2. Can I be 100% certain my chat system is safe from PII collection or sharing by children?

NO.  Not unless everything is pre-screened before going live (example: the phrase dictionary or canned chat alternatives).  And even if you had moderators screening all content before it goes live – that is a heavy scaling issue, with a lot of room for human error.

I’ve already mentioned the types of identifiable location words that need to be removed in Dictionary Chat / White list / Black list.  But what I haven’t mentioned are first name / last names.  Unless you restrict first names completely (including a user’s avatar name), you’re already in the hole.  Why?  I don’t know about you – but just because someone once told me not to date guys with two first names doesn’t mean they don’t exist (teasing about the two first names… clearly that’s just a myth… hehehe).  Ryan Edwards. Tiffany Addam.  Joe Gail.  Larry Drake.
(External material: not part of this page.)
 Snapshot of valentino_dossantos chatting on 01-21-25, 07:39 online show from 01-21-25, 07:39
Then you have the first name + object last name, such as Jack Hall, Charlie Brown, Jerry Trainer, Sally Stir.   There’s not a chat list in the world that’s going to block that unless it’s prescripted.

On the flip side, you also have numbers (should always be removed from even TYPING a number on a keyboard – why give what they can’t even have?), symbols should be removed (there is no need for @ or > – smilies are what emotes are for), and really the only punctuation should be the exclamation point and the question mark.  Even THEN you’re going to see abuse for PII sakes… “My digits are ! !!!!!!!! nil nil !!!! !!!!! !!!!! ! !! !!!! !!!!!” and there’s an 800 phone number.   Or the progression in chat for this:
“my digits are after the a. write em down. A!!!!!!!!” “A nil a nill” “A!!!!” “A!!!!!” “A!” “A!!!!” “A!!!” “A!!!!!!!!!!”  Again, prescripted might help stop this.
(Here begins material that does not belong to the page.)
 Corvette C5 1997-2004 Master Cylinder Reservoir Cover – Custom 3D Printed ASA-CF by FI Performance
Now… here’s the thing about prescripted agendas.  YOU LIMIT A KID IN A WORLD WHERE THEY’RE EXPECTED TO FORM A COMMUNITY – AND THEY’RE NOT GOING TO STICK AROUND.  Sure, if the game is fun, they’ll play the game, maybe stick around for a session or two… but why even make it a social game? YOU CAN’T BE SOCIAL IF YOU CAN’T BE SOCIAL.  And, heck, kids are just going to fire up their aim and/or gchat and/or msn and/or text messages.  At least with the filters and time/effort you were putting it… you were doing YOUR job in trying to protect them.  Put massive restrictions on chat and lose the social experience for users to some other techniques that are less capable / less responsible to do the job YOU could be doing the right way.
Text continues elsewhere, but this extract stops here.